_TASK BRIEF_. Below are the entries. Print only the lines starting at the one with "Sweater Cardigan By Loft In Pink, Size: L" and ending at the one with "Drift Light Teal", exactly, with no pictures.

_RECORDS FOR THE EXERCISE_.
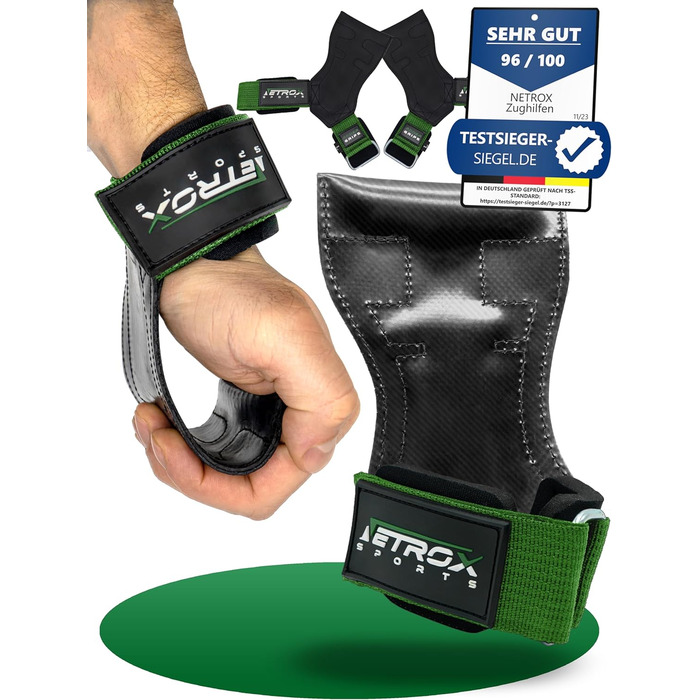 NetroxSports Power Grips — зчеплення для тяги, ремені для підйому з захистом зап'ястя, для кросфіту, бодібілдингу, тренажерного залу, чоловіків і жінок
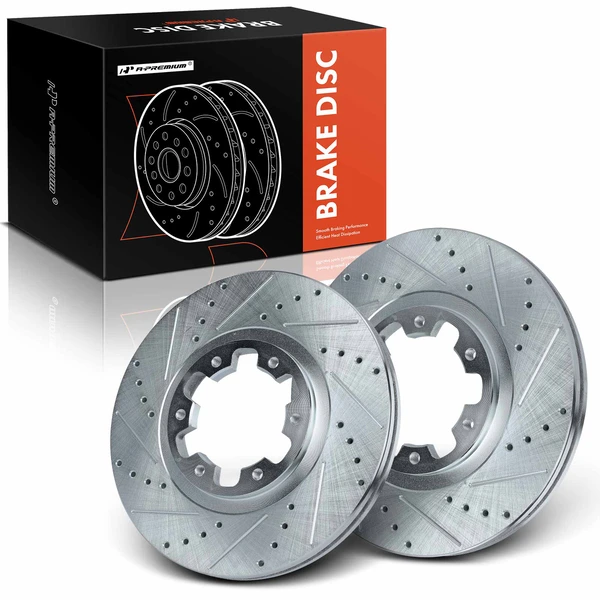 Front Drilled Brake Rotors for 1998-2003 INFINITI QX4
==
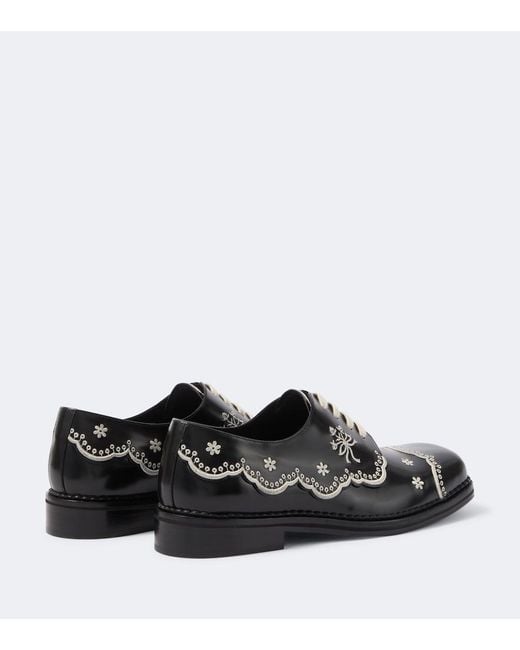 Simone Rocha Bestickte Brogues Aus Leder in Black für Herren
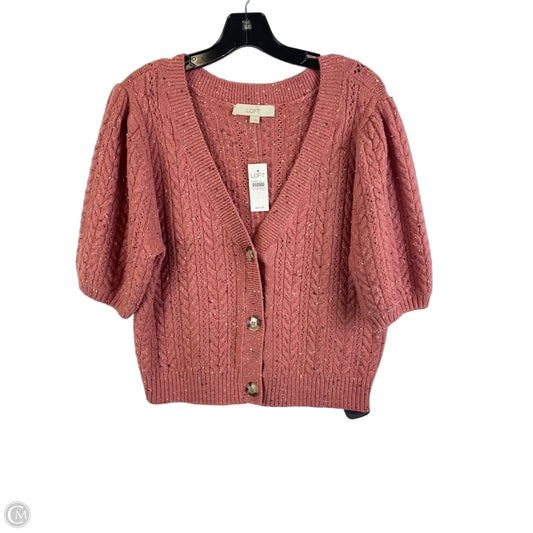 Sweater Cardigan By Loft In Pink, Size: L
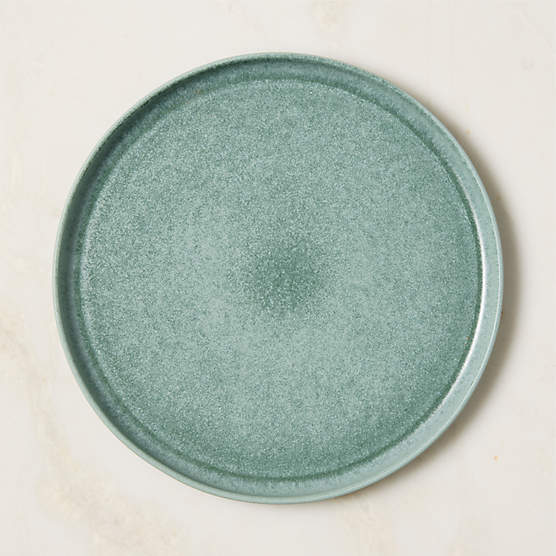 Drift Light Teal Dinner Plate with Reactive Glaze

_EXERCISE SOLUTION_.
 Sweater Cardigan By Loft In Pink, Size: L
 Drift Light Teal Dinner Plate with Reactive Glaze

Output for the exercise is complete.